Do pensions have to be disclosed on divorce?
According to a recent survey undertaken by Scottish Widows, 70% of couples did not discuss pensions as part of their divorce settlement, but in some cases, pensions can be one of the largest assets available to the couple.
Married couples who divorce are legally bound to disclose to one another the full extent of their financial and personal circumstances. Such disclosure can be enforced through the courts if need be.

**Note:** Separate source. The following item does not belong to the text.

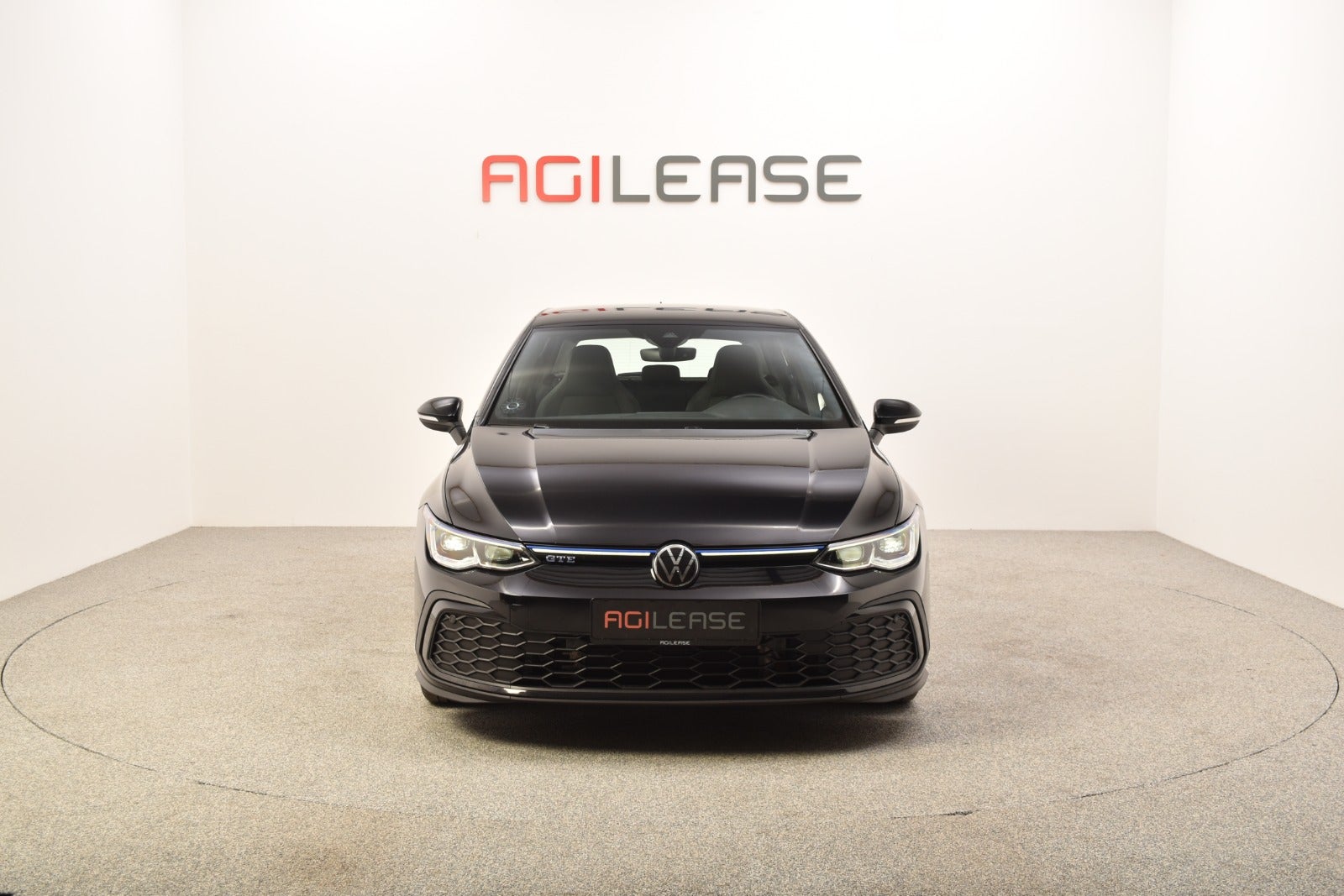 flexleasing-vw-golf-viii-14-gte-dsg-5d-findleasing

That means the full extent of pension benefits must also be disclosed.
What is the purpose of the Guide to Treatment of Pensions on Divorce, produced by the Pension Advisory Group Report in 2019?
The report is designed to provide a more uniform approach to the treatment of pensions on divorce to produce a more consistent and fairer approach in the way that judges hearing cases will deal with pensions and the consistency of the approach taken by experts as to how best to share out pensions on divorce.
It acts as a guide to practitioners, the judiciary and pension experts, setting out exactly what the expert is required to do and the role the expert has in respect of the divorce proceedings as a whole.
How are pensions approached in divorce?
- Firstly, the parties should give disclosure of what pension assets there are. The guidance is clear – the information provided should be as comprehensive as possible. Most pension providers are now familiar with providing detailed up to date information to provide an accurate assessment of the value of the pension in accordance with the regulations. The information received can range from public sector schemes, private schemes and state schemes.
- It is then necessary to look at the kind of expert needed to report on the way in which those pensions might be shared. The Pension Advisory Group recommend within the report that a Pensions on Divorce Expert (‘PODE’) is appointed.
- The PODE, alongside legal and financial advisers can then assist clients in understanding what they can legally do with their pensions on divorce.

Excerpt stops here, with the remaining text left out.